### Try it:
Give back each line of the data exactly as it reads, minus the pictures.
■ ■ ■ ■
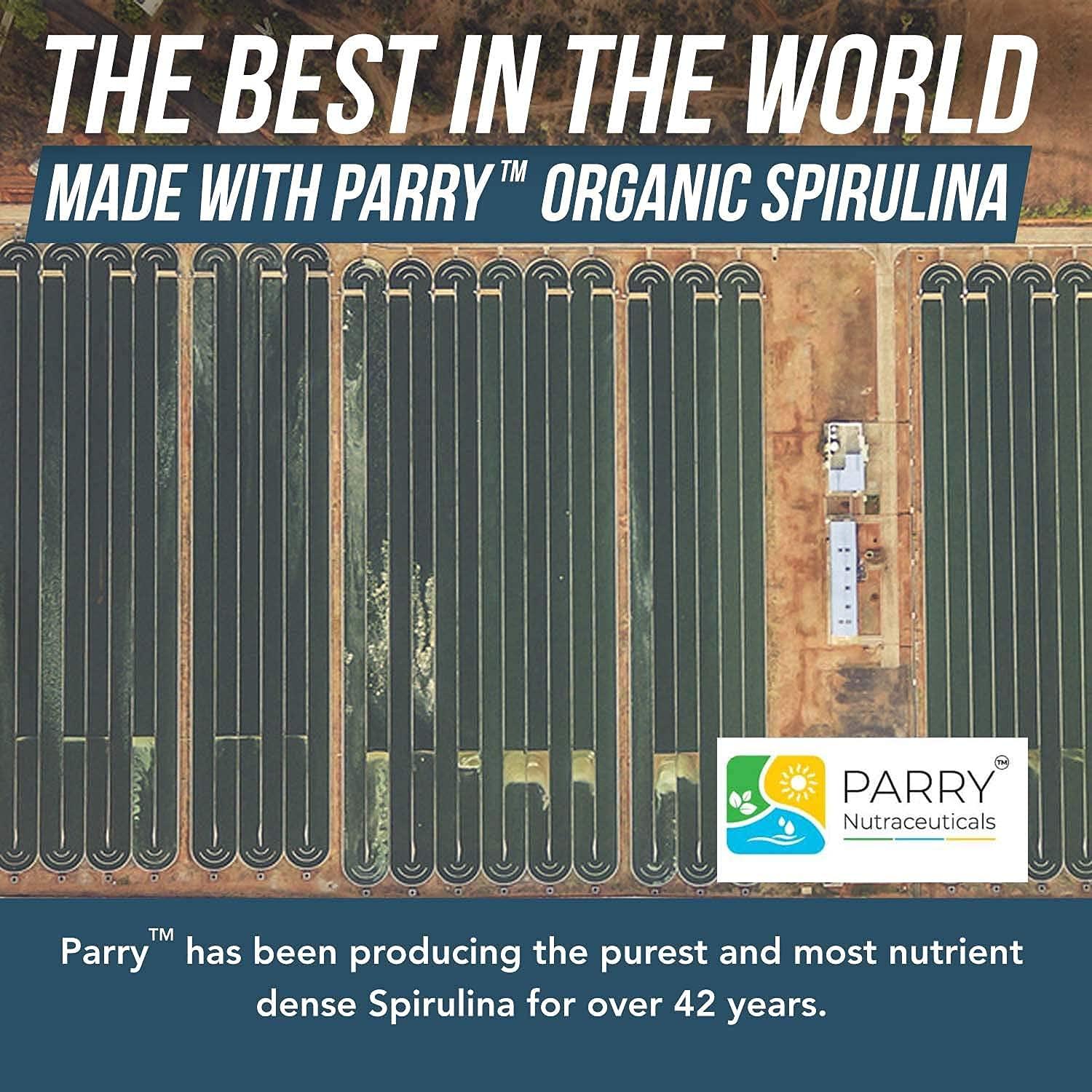 Triquetra Health Organic Spirulina Tablets (360 Tablets) - Made with Parry® Spirulina, The Best Spirulina in The World, Highest Nutrient Density - Non-Irradiated, 4 Organic Certifications (90 Servings)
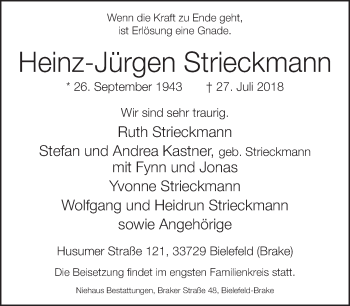 Traueranzeige von Heinz-Jürgen Strieckmann von Neue Westfälische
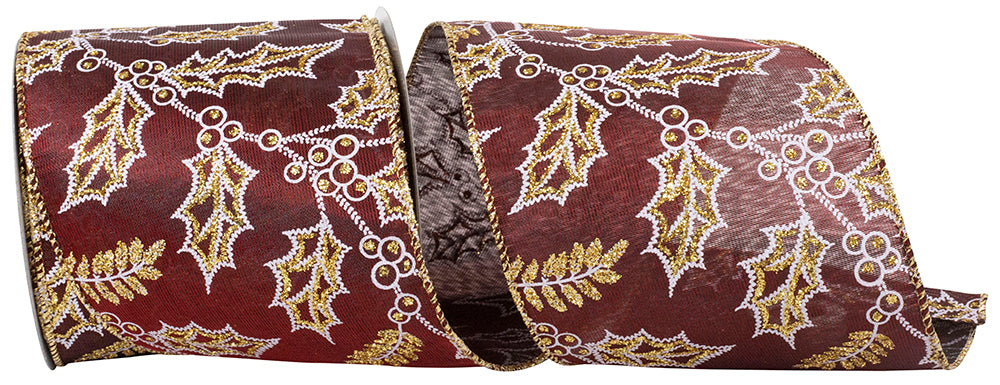 Burgundy 4 Inch Satin Wired Edge Ribbon with Glitter Outlines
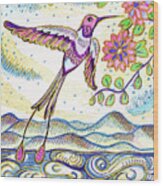 Sunset  Hummingbird Wood Print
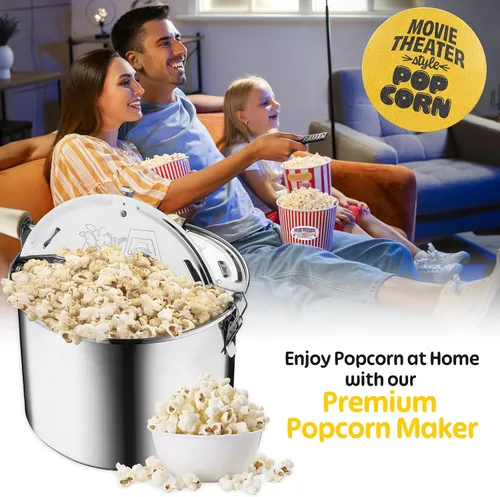 Miniatura 7 de Great Northern Popcorn Stovetop Popcorn Maker - Stainless-Steel Popcorn Popper with a Hand Crank, Vented Lid, and Stir Paddle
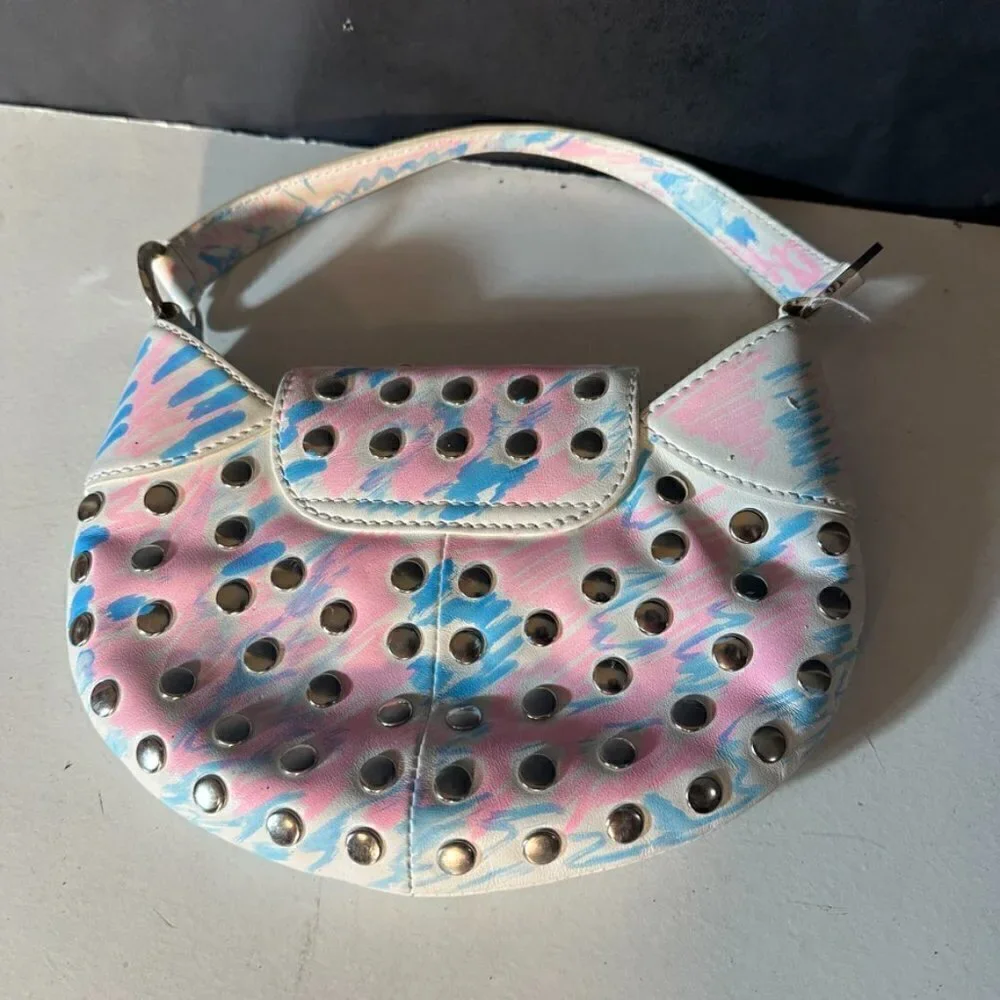 BCBG Studded Tie Dye Wristlet Bag Blue Pink Neon Club Handbag Silver Upcycle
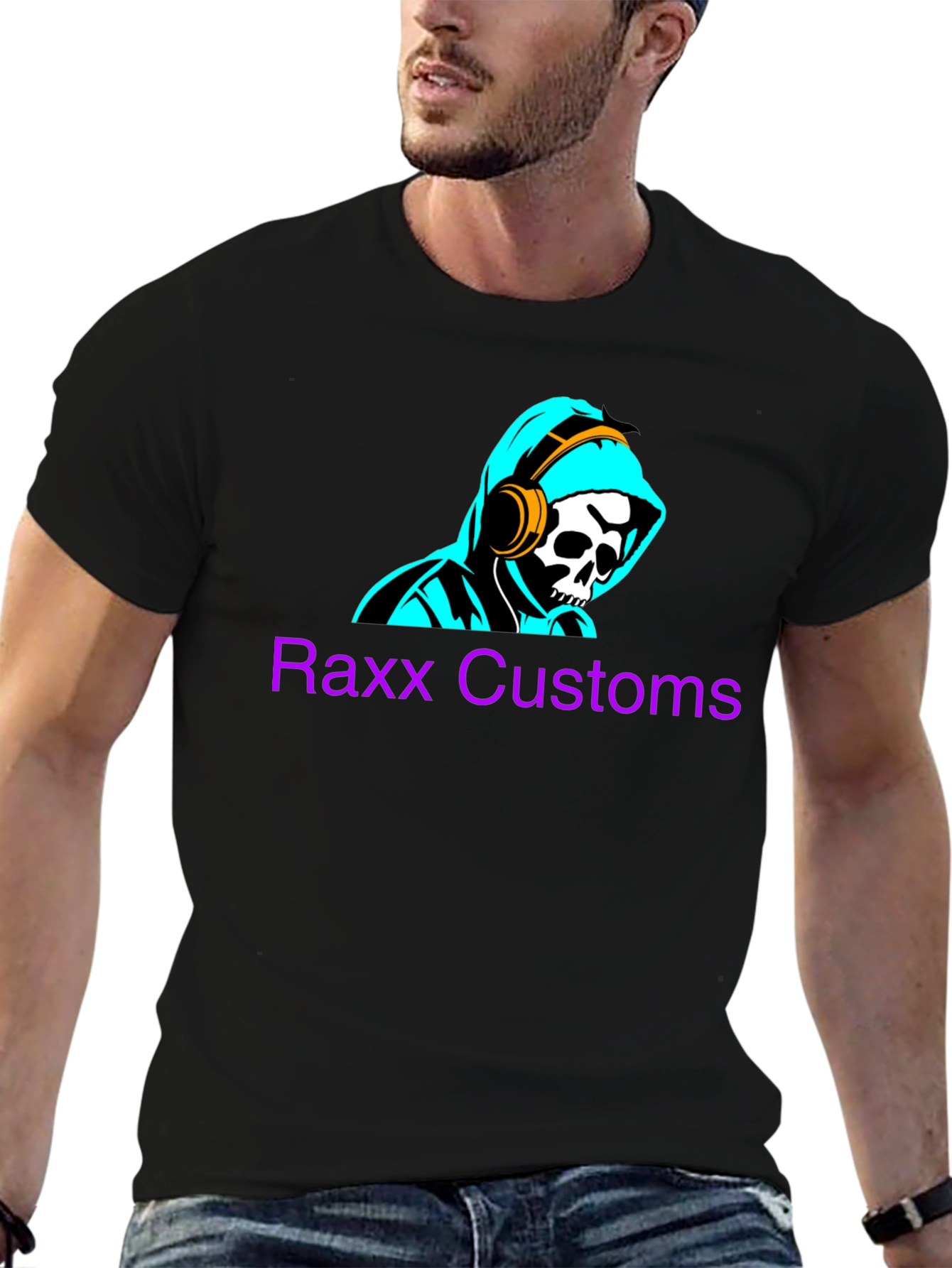 Raxx Customs Skull & Headphones Graphic T-Shirt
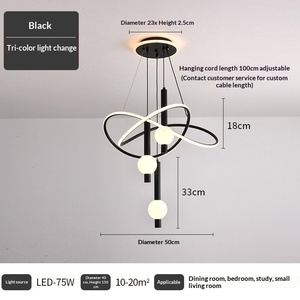 Lustre LED de luxe, <span class=keywords><strong>85W</strong></span>, tricolore, 165-265V, hauteur réglable, luminaire suspendu au plafond, décoration intérieure - Product Image 6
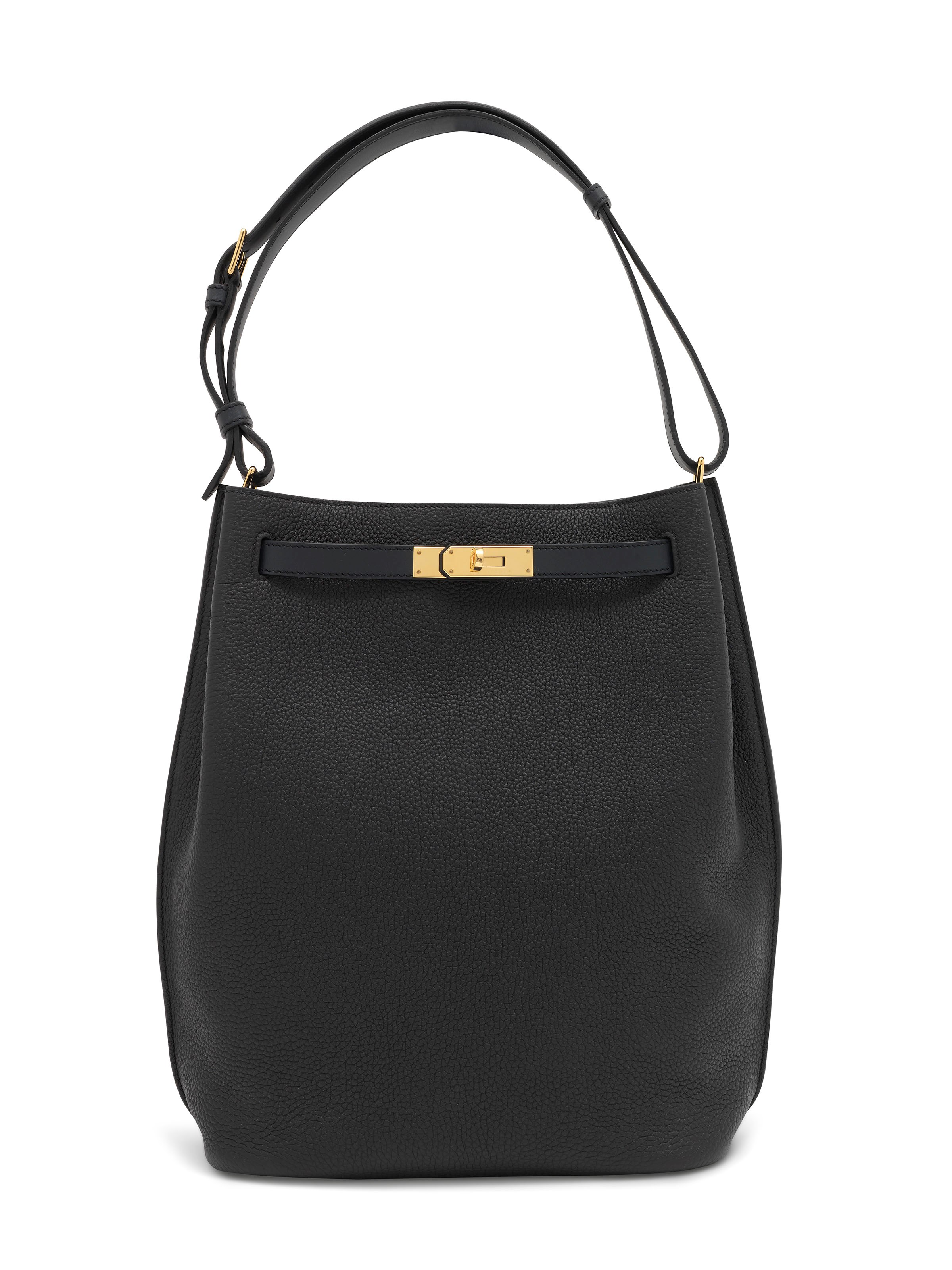 A BLACK TOGO & EVERCALF LEATHER SO KELLY 26 WITH GOLD HARDWARE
■ ■ ■ ■
### Solution:
 Triquetra Health Organic Spirulina Tablets (360 Tablets) - Made with Parry® Spirulina, The Best Spirulina in The World, Highest Nutrient Density - Non-Irradiated, 4 Organic Certifications (90 Servings)
 Traueranzeige von Heinz-Jürgen Strieckmann von Neue Westfälische
 Burgundy 4 Inch Satin Wired Edge Ribbon with Glitter Outlines
 Sunset  Hummingbird Wood Print
 Miniatura 7 de Great Northern Popcorn Stovetop Popcorn Maker - Stainless-Steel Popcorn Popper with a Hand Crank, Vented Lid, and Stir Paddle
 BCBG Studded Tie Dye Wristlet Bag Blue Pink Neon Club Handbag Silver Upcycle
 Raxx Customs Skull & Headphones Graphic T-Shirt
 Lustre LED de luxe, <span class=keywords><strong>85W</strong></span>, tricolore, 165-265V, hauteur réglable, luminaire suspendu au plafond, décoration intérieure - Product Image 6
 A BLACK TOGO & EVERCALF LEATHER SO KELLY 26 WITH GOLD HARDWARE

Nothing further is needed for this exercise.